Quelques personnes se balançaient au rythme du pianiste qui entonnait des notes
de jazz sur la scène. Une lumière tamisée rendait imperceptibles les âmes
qui s’abreuvaient dans le fond du bar. Des collègues, des amoureux et des amis
squattaient les canapés et les fauteuils de velours disposés contre le mur. Il
ne manquait plus que plumes, boas et chapeaux fedora pour retourner presque
cent ans en arrière.
Djibril, habitué des lieux, fit le tour du bar, serra des mains
comme un politicien en campagne et présenta Zoé. Un serveur les installa à une
table, en bon gentleman, Djibril tira la chaise de Zoé. Autour d’un verre, ils
se racontèrent leur semaine. La jeune femme fut contrariée qu’ils discutent de
l’avancement de Talk. En dehors du bureau, elle ne voulait pas parler boulot et
encore moins lors d’un rencard avec Djibril. Aussi, elle coupa court sur Talk
et s’interrogea sur sa vie et ce qu’il avait fait avant. Djibril évoquait un
accident de vélo enfant quand ils furent interrompus par l’intervention d’un
homme élégamment habillé qui se tenait sur la scène. Le dandy qui s’appelait
Kurst fit quelques plaisanteries et annonça le programme de la soirée.
Plusieurs humoristes allaient se succéder sur la scène dans les deux prochaines
heures. Zoé apprécia l’originalité de ce premier rendez-vous, elle qui n’avait
eu le droit qu’au classique mcdo, kebab, ciné plus jeune ou restau ciné plus
vieille. Elle se cala dans sa chaise, à part sur écran, elle n’avait jamais eu
l’occasion d’assister à un stand up café.
Une dizaine d’humoristes s’enchaînèrent, certains plus drôles que
d’autres. Zoé avait tant ri aux larmes qu’elle en était complètement
déshydratée à la fin de la soirée. Djibril lui avoua qu’il l’avait conviée pour
être sûre qu’ils aient à peu près le même humour. Ses éclats de rire avaient
alors chassé ses doutes. Ce rendez-vous avait été naturel et sans fioritures. Zoé
avait ri à gorge déployée, avait englouti son cheeseburger sans se soucier de
ce qu’il en dirait.
Le pianiste qui jouait des classiques de jazz fit suite aux
humoristes. Zoé contempla sa dextérité et sa passion pour la musique qu’on
ressentait à chacune de ses notes. Elle balaya du regard le bar pour voir si
elle était la seule à s’émerveiller du talent du pianiste. Peu de personnes
avaient mis leur conversation en sourdine pour prêter l’oreille à la
performance du musicien. Puis ses yeux s’attardèrent sur les côtés de la scène,
derrière le rideau, un homme se tenait là, remuant sa tête sur la musique.

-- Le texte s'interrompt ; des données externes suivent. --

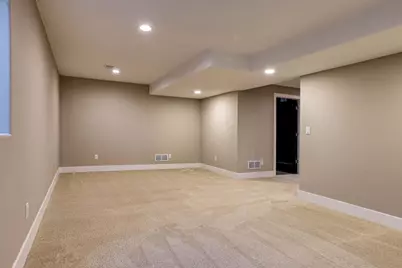 N9072 Southtowne Drive, Menasha, WI 54952 - Photo 35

Malgré la faible lueur, elle semblait reconnaître cette silhouette et les
quelques traits qu’elle parvenait à distinguer. Elle crut reconnaître Bledji.
Depuis l’Écosse, six ans plus tôt, elle ne l’avait pas revu.
— T’as vu un fantôme ou quoi ? lui demanda Djibril, à présent
revenu, qui s’était absenté aux toilettes.
— Euh… non, j’ai cru voir quelqu’un que je connaissais.